Chronic superficial gastritis lacks specific symptoms, and the severity of symptoms is not consistent with the degree of gastric mucosal lesions. Most patients often have asymptomatic or varying degrees of dyspepsia, such as dull pain in the upper abdomen, loss of appetite, fullness after meals, acid reflux and so on. Individual patients with mucosal erosion have obvious epigastric pain and may have bleeding.

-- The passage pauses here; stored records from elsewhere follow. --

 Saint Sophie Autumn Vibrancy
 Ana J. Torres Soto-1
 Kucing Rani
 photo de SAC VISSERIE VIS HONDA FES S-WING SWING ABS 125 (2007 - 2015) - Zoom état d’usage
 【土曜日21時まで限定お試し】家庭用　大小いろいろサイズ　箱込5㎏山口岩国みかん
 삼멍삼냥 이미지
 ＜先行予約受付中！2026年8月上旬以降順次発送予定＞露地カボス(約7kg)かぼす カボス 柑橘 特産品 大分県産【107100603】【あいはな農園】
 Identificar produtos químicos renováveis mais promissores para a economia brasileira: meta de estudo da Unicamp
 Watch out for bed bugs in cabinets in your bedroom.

Some patients often feel abdominal fullness and discomfort, belching, and were diagnosed as "superficial gastritis" by many hospitals and many gastroscopes. Long-term use of a variety of Chinese and western medicines has no obvious effect, but medical expenses have cost a lot. Similar patients are not uncommon. In fact, many of these patients are accompanied by neuropsychiatric symptoms, such as insomnia, anxiety, irritability, palpitations, hypochondriasis and so on. Some patients always suspect that they have stomach cancer and seek medical treatment everywhere, and repeatedly ask for gastroscopy.
Pay attention to regular and quantitative diet, avoid overeating, and avoid irritating foods, such as peppers, raw garlic, spirits, strong tea, strong coffee and hard, cold, overheated and rough foods. It is advisable to eat nutritious and digestible foods, such as milk, soybean milk, tofu, custard, yam and carrots.
Eat slowly and eat soft food such as porridge.
Patients should also ban smoking, because smoking will affect the blood supply of gastric mucosa and the repair of mucosal cells.
Chronic superficial gastritis can be cured gradually if it can be persisted for a long time.
Health care formula for chronic superficial gastritis
1, regular life, optimistic, quitting smoking and drinking, not overeating, not hungry.
2, eat less and eat more meals, avoid indigestion and irritating food, such as coffee, spicy things.
3. For those with flatulence, pantothenic acid and belching, take motilium or metoclopramide half an hour before meals.
4. People with stomachache can use painkillers or other stomach medicines with analgesic effect.
5. There are few patients with chronic atrophic gastritis accompanied by malignant gastric cancer, so it is necessary to have a gastroscopy every year.